United States District Court, Northern District of Georgia
Jul 31, 2023
Civil Action 1:22-CV-01191-JPB (N.D. Ga. Jul. 31, 2023)

Opinion

Civil Action 1:22-CV-01191-JPB

07-31-2023

GUY HENDRIX, Plaintiff, v. THE KROGER CO., Defendant.


ORDER

J. P. BOULEE, United States District Judge

This matter is before the Court on The Kroger Company's (“Defendant”) Motion for Summary Judgment [Doc. 25]. This Court finds as follows:

PROCEDURAL HISTORY

This case arises from a slip and fall at a Kroger in Lawrenceville, Georgia. Guy Hendrix (“Plaintiff”) asserts five claims: (1) premises liability; (2) vicarious liability; (3) negligent training and supervision; (4) punitive damages; and (5) attorney's fees and costs of litigation. [Doc. 1-1]. On November 22, 2022, Defendant filed the instant Motion for Summary Judgment. [Doc. 25]. The motion is now ripe for review.

BACKGROUND

The Court derives the facts of this case from Defendant's Statement of Material Facts [Doc. 25-2], Plaintiff's Response to Defendant's Statement of Material Facts [Doc. 27], Plaintiff's Statement of Disputed Material Facts [Doc. 27] and Defendant's Response to Plaintiff's Statement of Additional Material Facts [Doc. 28]. The Court also conducted its own review of the record.

The Court notes that the record is extremely limited. It does not appear that either party took depositions. The only evidence that was submitted was one affidavit, a floor inspection report, the incident report and a picture of the spill.

Plaintiff did not comply with the Local Rules in responding to Defendant's Statement of Material Facts or in presenting his additional facts. Specifically, in responding to the material facts, the Local Rules provide that the Court will deem each of the movant's facts as admitted unless the respondent

(i) directly refutes the movant's fact with concise responses supported by specific citations to evidence (including page or paragraph number); (ii) states a valid objection to the admissibility of the movant's fact; or (iii) points out that the movant's citation does not support the movant's fact or that the movant's fact is not material or otherwise has failed to comply with the provisions set out in LR 56.1(B)(1).
LR 56.1(B)(2)(a)(2), NDGa. Here, in many instances, Plaintiff simply indicated that Defendant's fact was disputed without directly refuting the fact, stating a valid objection or pointing out that the citation does not support the fact. In other instances, Plaintiff disputed the fact and stated that he “is unable to present evidence essential to justify this opposition” and “needs to extend the discovery period.” [Doc. 27, pp. 14-15]. Ultimately, because Plaintiff has not complied with the Local Rules, the Court will deem Defendant's facts admitted.
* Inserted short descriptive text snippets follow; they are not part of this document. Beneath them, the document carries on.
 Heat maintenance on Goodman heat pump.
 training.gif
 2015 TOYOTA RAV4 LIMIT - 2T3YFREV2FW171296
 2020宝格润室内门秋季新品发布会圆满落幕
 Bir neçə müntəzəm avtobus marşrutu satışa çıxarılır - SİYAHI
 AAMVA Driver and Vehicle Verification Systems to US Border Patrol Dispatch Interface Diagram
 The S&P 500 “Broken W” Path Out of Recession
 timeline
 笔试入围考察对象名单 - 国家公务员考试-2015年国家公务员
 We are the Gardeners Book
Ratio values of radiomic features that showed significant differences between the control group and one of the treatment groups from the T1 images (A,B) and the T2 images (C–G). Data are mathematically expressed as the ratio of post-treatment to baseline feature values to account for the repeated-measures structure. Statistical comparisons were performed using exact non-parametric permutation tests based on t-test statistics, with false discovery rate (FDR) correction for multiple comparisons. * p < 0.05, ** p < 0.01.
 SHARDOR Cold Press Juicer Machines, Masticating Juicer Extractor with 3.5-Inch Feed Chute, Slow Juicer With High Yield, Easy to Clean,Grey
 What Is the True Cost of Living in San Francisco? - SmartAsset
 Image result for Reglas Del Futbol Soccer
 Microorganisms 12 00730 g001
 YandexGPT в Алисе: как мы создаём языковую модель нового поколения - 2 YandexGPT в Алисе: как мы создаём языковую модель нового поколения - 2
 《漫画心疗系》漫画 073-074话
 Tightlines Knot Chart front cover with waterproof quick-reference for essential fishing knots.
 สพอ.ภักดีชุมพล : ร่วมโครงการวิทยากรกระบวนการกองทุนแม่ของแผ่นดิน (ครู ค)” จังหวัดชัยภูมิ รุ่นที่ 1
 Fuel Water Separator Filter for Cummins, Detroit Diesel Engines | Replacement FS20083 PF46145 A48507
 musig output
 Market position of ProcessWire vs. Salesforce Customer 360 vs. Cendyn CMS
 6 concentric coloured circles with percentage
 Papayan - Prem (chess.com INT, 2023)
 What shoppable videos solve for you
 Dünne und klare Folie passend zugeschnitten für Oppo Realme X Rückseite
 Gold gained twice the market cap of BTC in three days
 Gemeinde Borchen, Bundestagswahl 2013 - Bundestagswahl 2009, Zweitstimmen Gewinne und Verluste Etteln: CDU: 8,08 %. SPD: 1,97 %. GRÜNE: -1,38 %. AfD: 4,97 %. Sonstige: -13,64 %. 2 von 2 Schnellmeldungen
As stated above, Plaintiff's Statement of Disputed Material Facts also does not comply with the Local Rules. The Local Rules state that the Court will not consider any fact that is “(a) not supported by a citation to evidence (including page or paragraph number); (b) supported by a citation to a pleading rather than to evidence; [or] (c) stated as an issue or legal conclusion.” LR 56.1(B)(1), NDGa. Some of Plaintiff's facts are not properly supported by the citation provided, while other facts do not even include a citation. In accordance with the Local Rules, this Court will not consider unsupported facts or facts that Plaintiff raises solely in his brief. Consequently, for the purpose of adjudicating the instant motion, the facts of this case are as follows:

On May 10, 2020, at approximately 5:30 PM, Plaintiff slipped and fell while shopping at Kroger Store 440, a store owned by Defendant. [Doc. 25-4, p. 2]. According to Marc Beasley, who manages Kroger Store 440, store employees are trained to inspect floors and check for spills or other hazards. Id. at 2. If a spill is present, store employees are taught to guard the area or place a caution cone and clean the spill using a pocket spill kit, Spill Magic or other means as appropriate. Id. In addition to this training, store employees conduct store-wide floor inspections, which are commonly known as “Store Sweeps.” Id. at 3. A Store Sweep, which is recorded through a punch-clock system, “involves an associate walking every aisle, while pushing a wide flat broom mounted with an absorbent head that readily picks up dust and absorbs liquid that may not even by visible.” Id. If an actual spill is present, the employee is trained to remedy it. Id.

On the day that Plaintiff fell, fourteen Store Sweeps were completed. Id. Each Store Sweep took approximately thirty minutes. Id. The tenth Store Sweep of the day began at 3:53 PM and ended at 4:25 PM. Id. at 5. At 5:15 PM, fifty minutes after the tenth Store Sweep was completed and more than an hour after the start of the previous Store Sweep, the eleventh Store Sweep began. Id. Plaintiff fell at approximately 5:30 PM-sometime during the eleventh Store Sweep, which ended at 5:45 PM. Id. at 2, 5.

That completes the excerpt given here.